▶ **ASSIGNMENT**
Retype the line where "Täydelliset Shih Tzu" appears and each line that follows it down to the last line of the records below. Leave the pictures out.

===

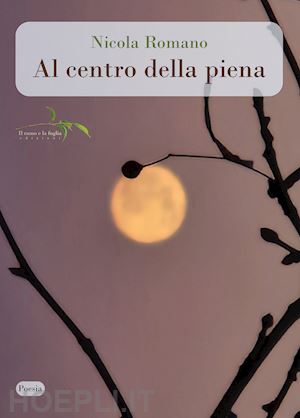 romano nicola - al centro della piena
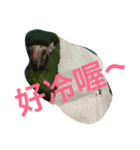 Parrot happy everyday（個別スタンプ：8）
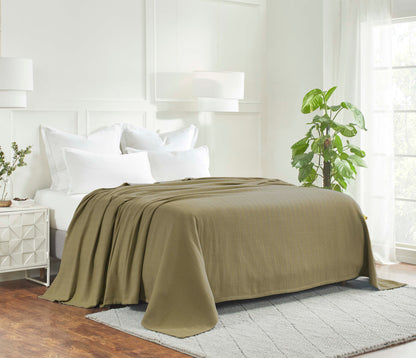 Chevron All-Season Cotton Blanket - Sage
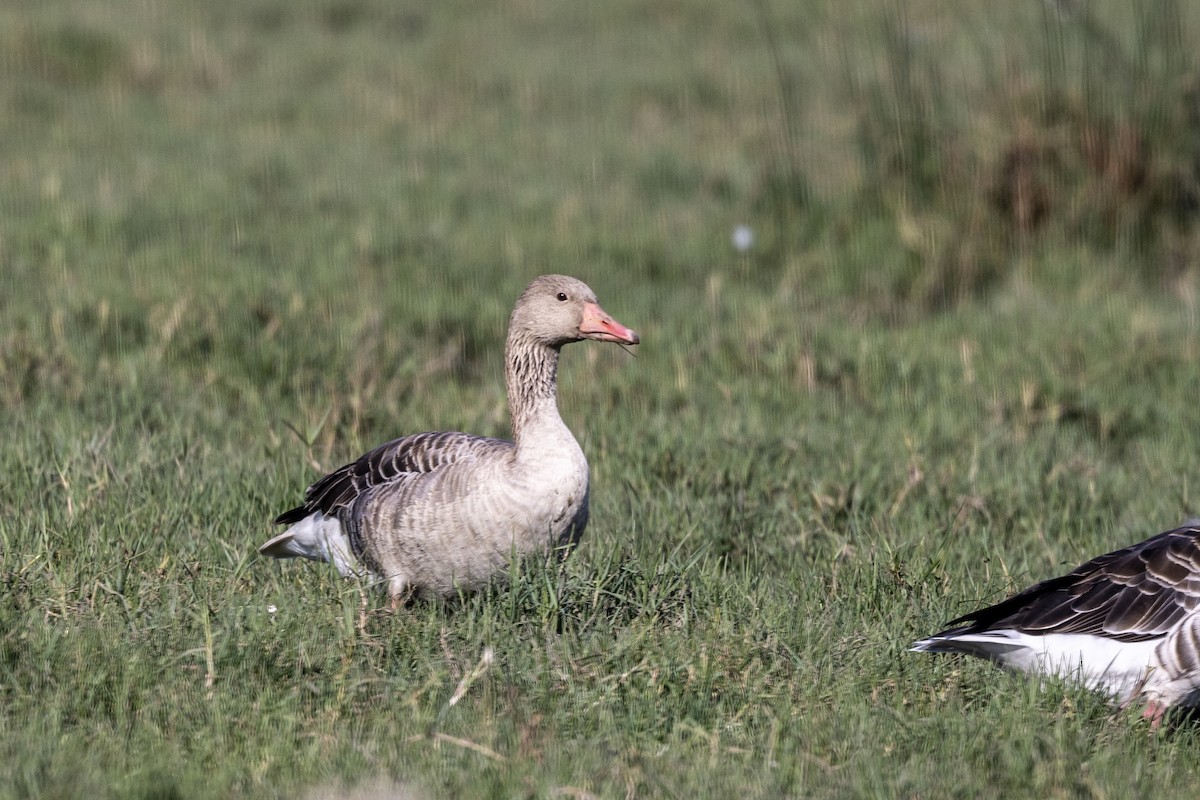 灰雁 - ML647470952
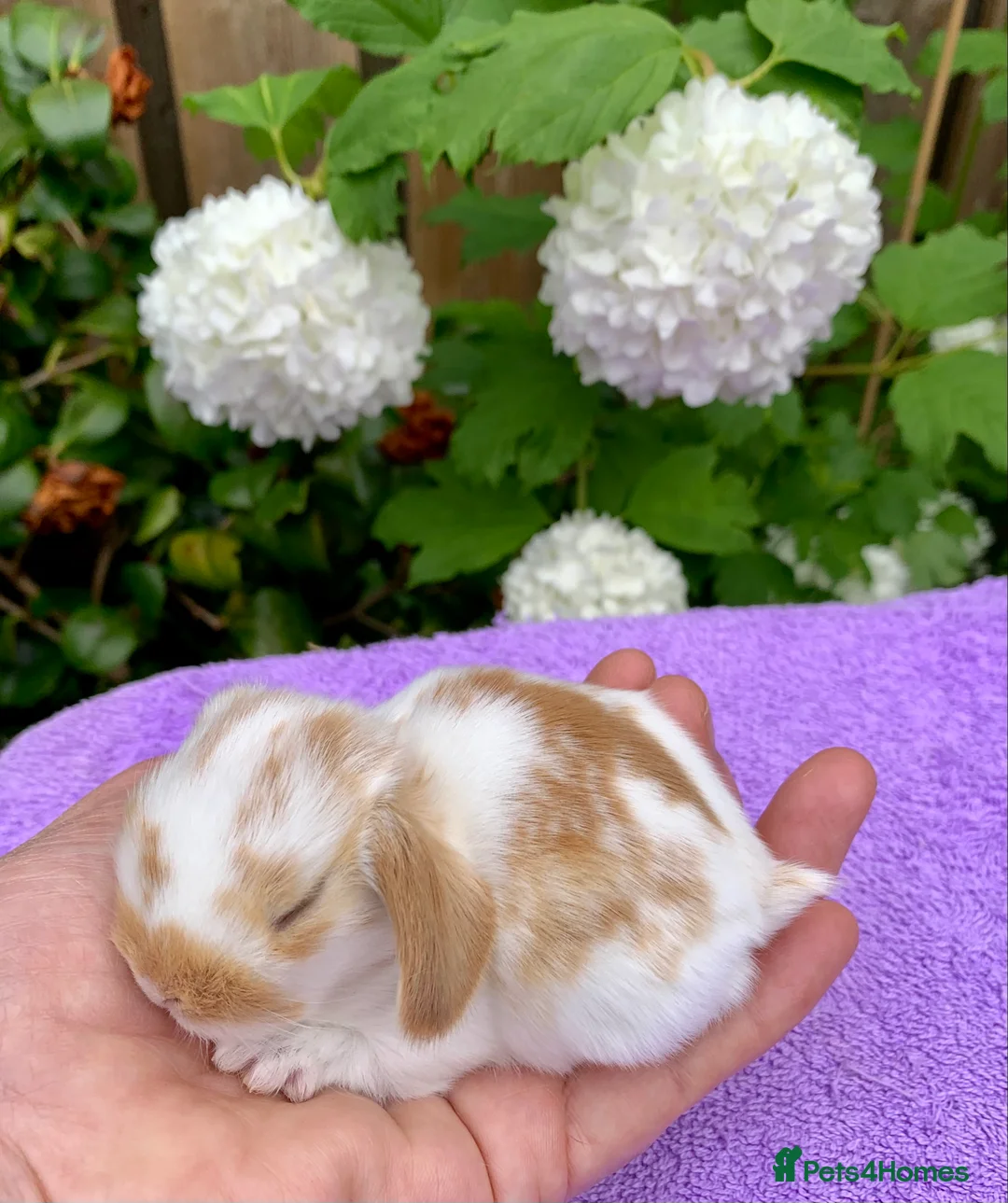Mini Lop rabbits for sale: Gorgeous purebred baby mini lops ready to reserve - Advert 18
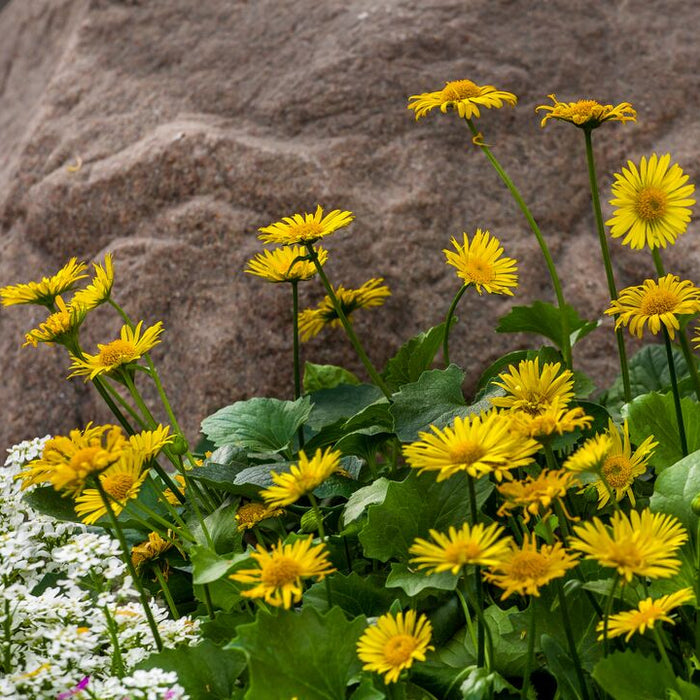 Doronicum orientale 'Leonardo Compact'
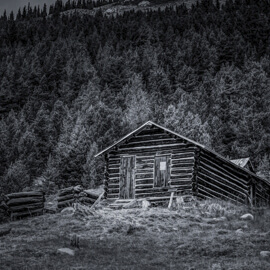 gallery-foto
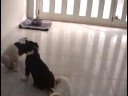 American Staffordshire Terrier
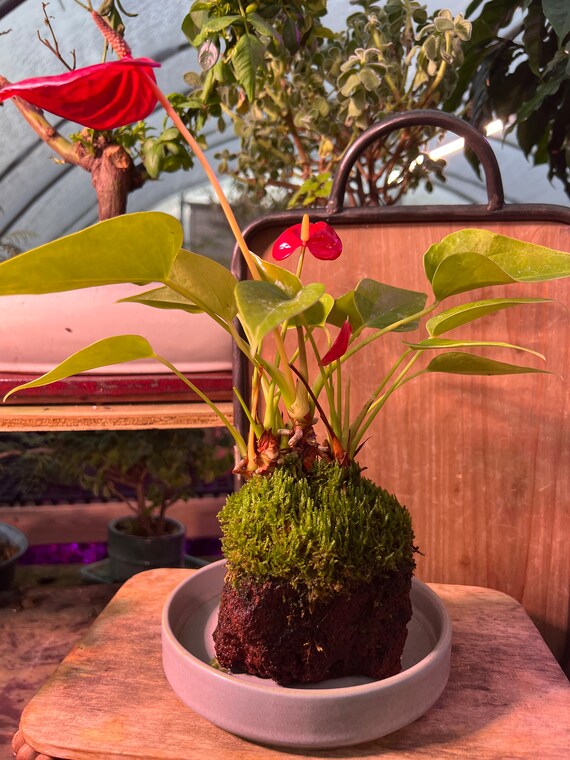 Red Anthurium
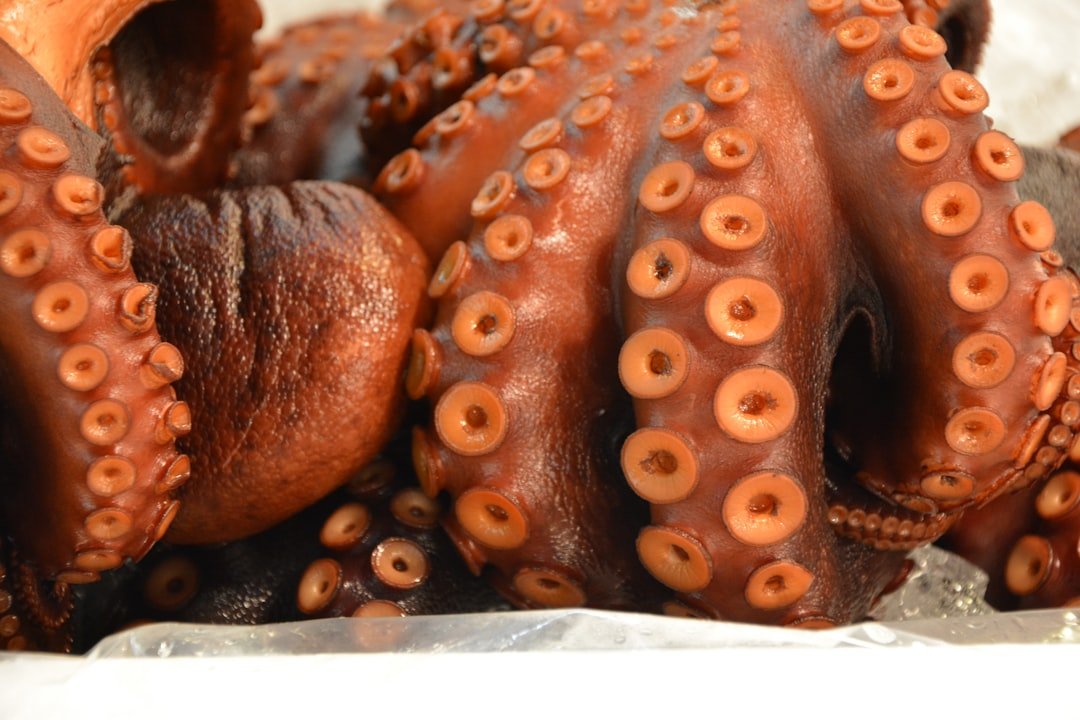 découvrez des recettes savoureuses et faciles pour cuisiner le poulpe avec notre guide complet d'octopus cooking. astuces, techniques et idées gourmandes au rendez-vous !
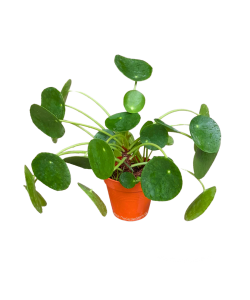 Pilea Peperomioides Chinese Money Plant 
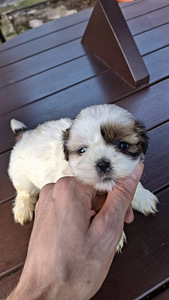Täydelliset Shih Tzu -pennut 13.06.2026 (7 valokuva sivusta 10)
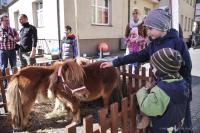 Obchody Światowego Dnia Świadomości Autyzmu w Pruszczu Gdańskim (fot. M. Pycka)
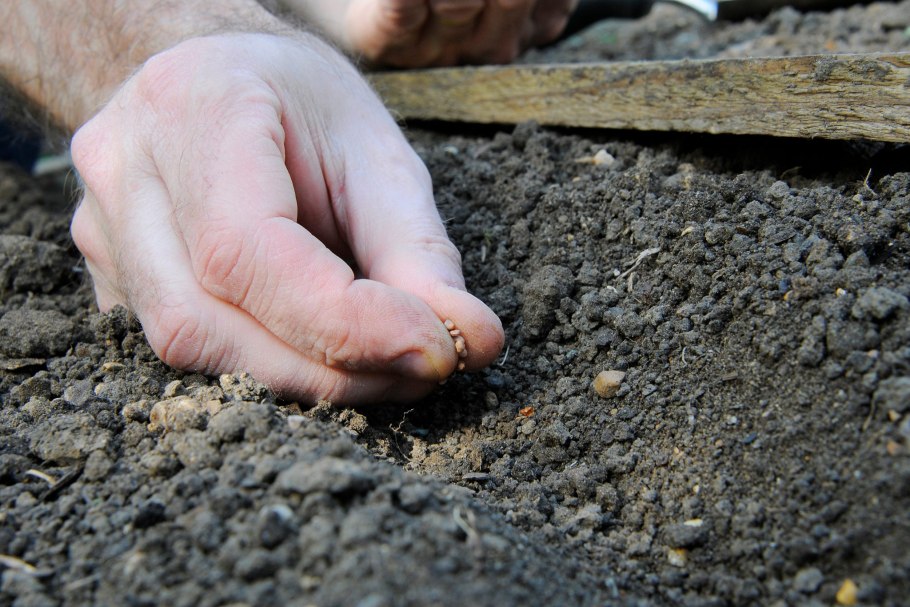 Посадка семян в грунт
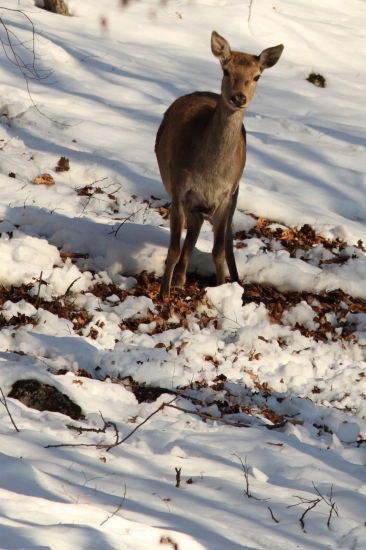 Aspoň, že to slniečko spríjemňuje mrazivé dni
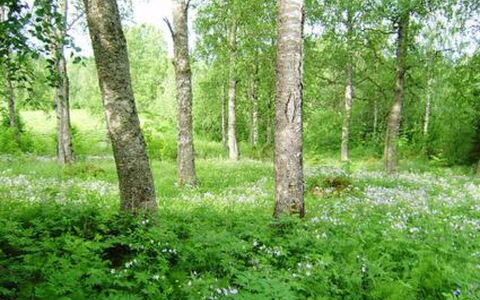 Koivuniemi: Træ, Vinter, Sne, Hjem, Sommerhus, Fryser, Sidespor, Bjælkehytte, Is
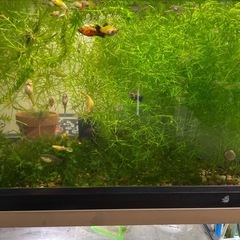 🍀水草🍀ナヤス
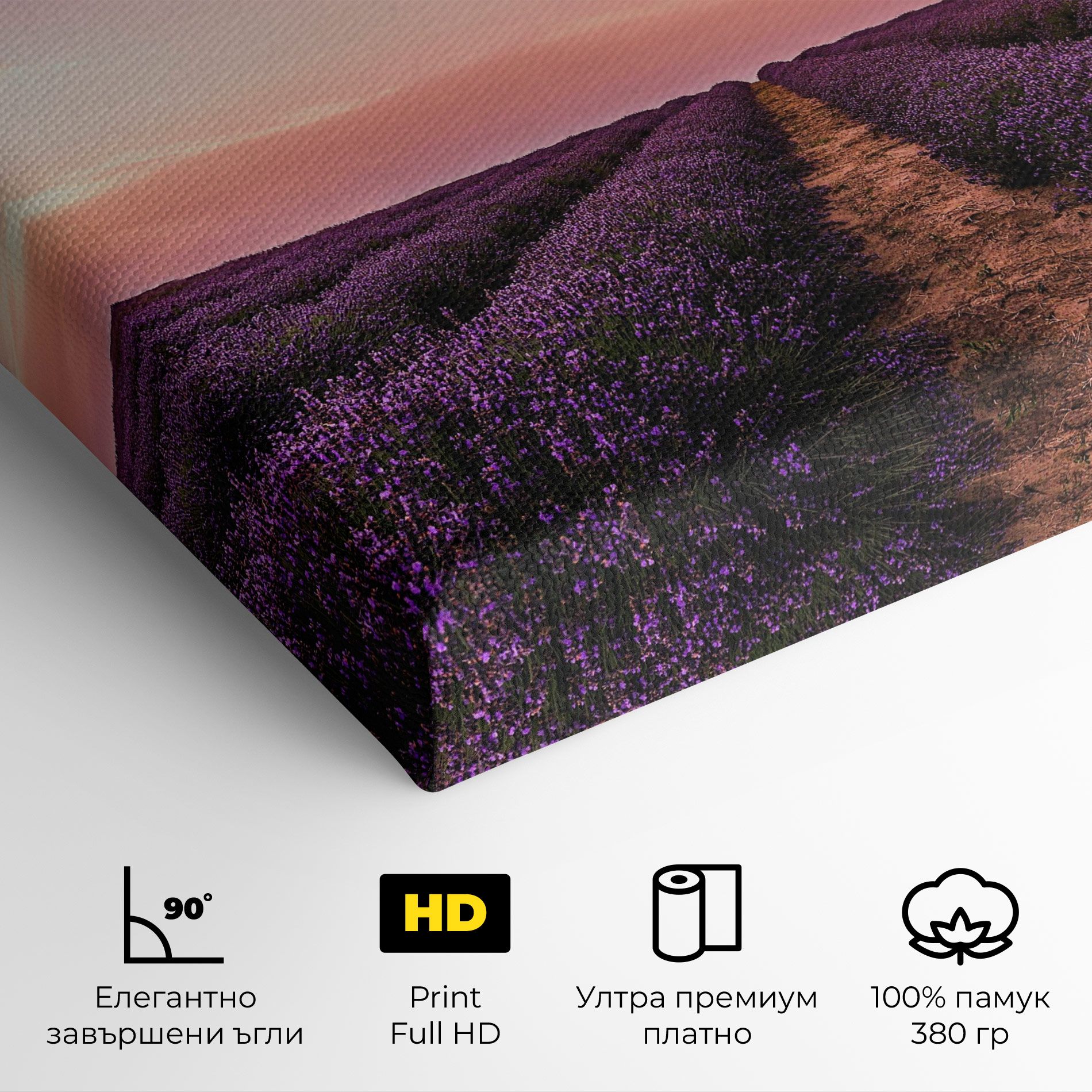Lavender Field mockup 4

===

▶ **SOLUTION FOR THIS TASK**
Täydelliset Shih Tzu -pennut 13.06.2026 (7 valokuva sivusta 10)
 Obchody Światowego Dnia Świadomości Autyzmu w Pruszczu Gdańskim (fot. M. Pycka)
 Посадка семян в грунт
 Aspoň, že to slniečko spríjemňuje mrazivé dni
 Koivuniemi: Træ, Vinter, Sne, Hjem, Sommerhus, Fryser, Sidespor, Bjælkehytte, Is
 🍀水草🍀ナヤス
Lavender Field mockup 4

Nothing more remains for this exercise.